WEDNESDAY NIGHT OT – Elvis, Uncle Tupelo, Elvis

Jeff Tweedy wrote of his first band, Uncle Tupelo, and the meaning of the name, in his 2018 memoir Let's Go (So We Can Get Back)“It was an old, fat Elvis Presley, but a version of him that never became the King. He’s drinking beer, wearing bunny slippers, and sitting in a La-Z-Boy recliner. He’s the Elvis who squandered his gifts, never left Tupelo, and just drinks cheap beer in his mobile home every night.”

Stephen Jones, who went on to marry and later divorce that Paula Jones, née Corbin, of Clinton V. Jones  520 U.S. 681 (1997),
plays the ghost of Elvis Presley in Jim Jarmusch's Mystery Train (1989).

Tweedy claimed the randomly chosen name and subsequent cartoon drawn by a friend was an inspiration to get the hell out of Belleville, IL, and do something with his life. Don't die there. I'm more fond of Uncle Tupelo's Fake Elvis than the real thing. I don't dislike Elvis, but I'm not a fan either. What would Rock even sound like without him? What would his impersonators be doing instead? What would Declan McManus have called himself if Elvis had never been?
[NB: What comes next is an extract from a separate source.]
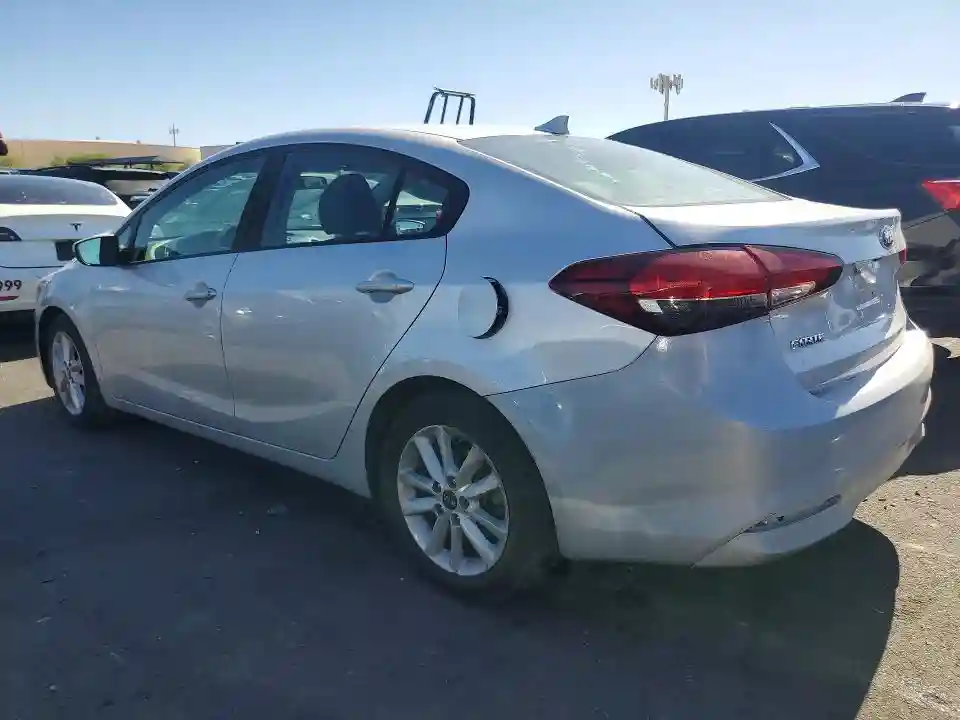 3KPFL4A76HE117007 2017 KIA FORTE-1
Early show poster via wikipedia.
Some Fake Elvises in pop culture:
  • "Ike at the Mike" is an alternate history short story by Howard Waldrop (Omni, 1982), in which Dwight D. Eisenhower is a jazz musician and is lamenting his late drummer, "Wild" George S. Patton. Elvis Aaron Presley is a young US senator regretting never having taken his shot at music.
  • Purportedly David Bowie wrote "Golden Years" for Elvis to sing and was declined. Bowie of course went ahead and sang it himself in full Presley baritone croon. You can hear Elvis singing it if you squint your ears. Long live the Thin White Duke.
  • Val Kilmer in True Romance (1993) as Elvis's ghost encouraging Clarence (Slater) to do some murder. Probably my favorite part of the movie. "I like you, Clarence. Always have. Always will." [gestures the Elvis finger point]
  • Sci-Fi author Jack Womack wrote a messed up, nasty alternate history quartet between '87 - '93 (wikipedia says he's written a couple more DryCo titles in the interceding years) in which, among other absurdities, an alternate Elvis is a psychotic sexual predator the dominant US church is attempting to turn into the messianic figure of their religion. There's also a psychopathic agent in Terraplane who gets sent back to the 1930s and is obsessed with finding Robert Johnson, listening to him on his headphones constantly. This has nothing to do with Elvis, but I remember feeling mildly relieved when he died.
  • Orion: The Man Who Would Be King is such a bizarre story I thought it was totally made up at first. It's all true. A documentary by the great Jeanie Finlay. No story too small, she captures cultural blips and never forgets her subjects are/were sweaty, flawed human beings ripe for mocking, but she never does. Finlay knows humans are a mess:


  • And of course Mystery Train, which you already knew about.
Jun & Mitsuko (Masatoshi Nagase and Yuki Kudoh) argue Carl Perkins or Elvis?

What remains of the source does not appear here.